Il contratto non è però stato sottoscritto dalla FIOM, che già non aveva condiviso l’ accordo di giugno, e quindi non ha partecipato al tavolo con l’ azienda. Il comitato centrale della FIOM ha anche annunciato 8 ore di sciopero per il 28 gennaio, ritenendo l’ intesa siglata oggi “un attacco contro la democrazia e i diritti senza precedenti“, ma anche “un pugno in faccia a Confindustria e Federmeccanica”. Nel contratto è previsto un aumento salariale medio di 30 euro lordi al mese, e un nuovo sistema di inquadramento professionale.

La firma del contratto ha praticamente spaccato in due, tra favorevoli e contrari, il mondo dei sindacati, ma anche il Partito Democratico.
Antonio D’ Anolfo, segretario generale dell’ UGL metalmeccanici, ha dichiarato: “Noi vogliamo salvare la filiera dell’ auto in Italia, da noi la Fiat produce solo il 30 % della produzione mondiale”. La Fiom, invece, con il presidente del Comitato Centrale, Giorgio Cremaschi, attacca duramente gli altri sindacati: “Angeletti e Bonanni sono la vergogna del sindacalismo italiano” afferma “Non è mai successo dal ’45 ad oggi che un sindacato italiano firmasse l’ esclusione di un altro sindacato. Cremaschi ha anche annunciato manifestazioni di protesta della Fiom che, dice, “scuoteranno il paese”.

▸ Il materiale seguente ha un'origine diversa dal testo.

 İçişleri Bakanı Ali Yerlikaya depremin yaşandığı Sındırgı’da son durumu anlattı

Già da oggi, dovrebbero avere inizio diverse iniziative di mobilitazione dei lavoratori da parte della Fiom: oltre allo sciopero indetto per il 28 gennaio, ci saranno, come ha spiegato il segretario Landini, “presidi democratici e dibattiti pubblici in tutte le città”. La Fiom, ha spiegato, vorrebbe essere “ascoltata in tutte le assemblee elettive di ogni livello” ed “incontrare tutti i segretari delle forze politiche”.

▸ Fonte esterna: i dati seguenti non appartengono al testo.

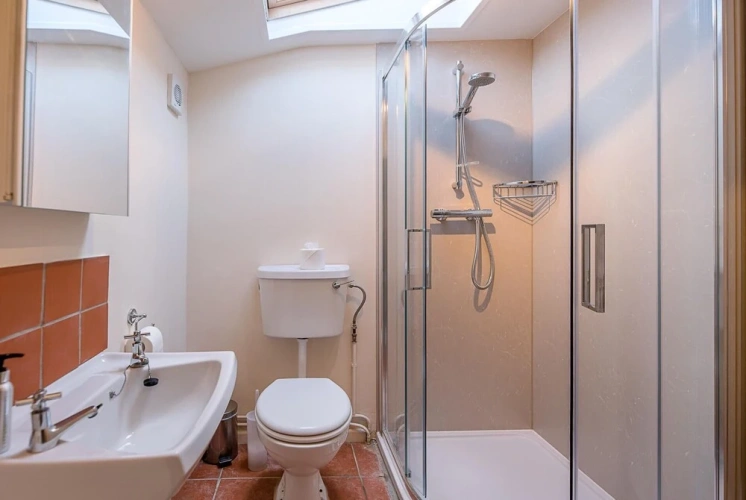 3 Bedrooms Cottage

Per quel che riguarda il referundum tra i lavoratori per l’ accordo di Mirafiori, la Fiom, pur consigliando ai metalmeccanici di andare al voto “per non essere esposti a pressioni, ritiene comunque il referendum illeggittimo perchè riguarda diritti irrinunciabili ed indisponsibili, e quindi “è un ricatto grave inaccettabile”.
Positivo
, invece, il giudizio sull’ accordo da parte del ministro del Lavoro, Maurizio Sacconi, per il quale “la firma del contratto consolida l’ investimento promesso, e già avviato, mentre migliora le condizioni  retributive e le potenzialità di progressione reddituale e professionale dei lavoratori”.
Il Partito Democratico, invece, che era stato criticato da Landini per non aver sostenuto la Fiom, è abbastanza diviso, al suo interno, tra chi è favorevole alla firma di questo contratto, e chi no. Fassino, Chiamparino ed altri accusano la Fiom di massimalismo ed ideologismo, ma la linea ufficiale in realtà è un altra, ed è una linea che cerca una difficile mediazione.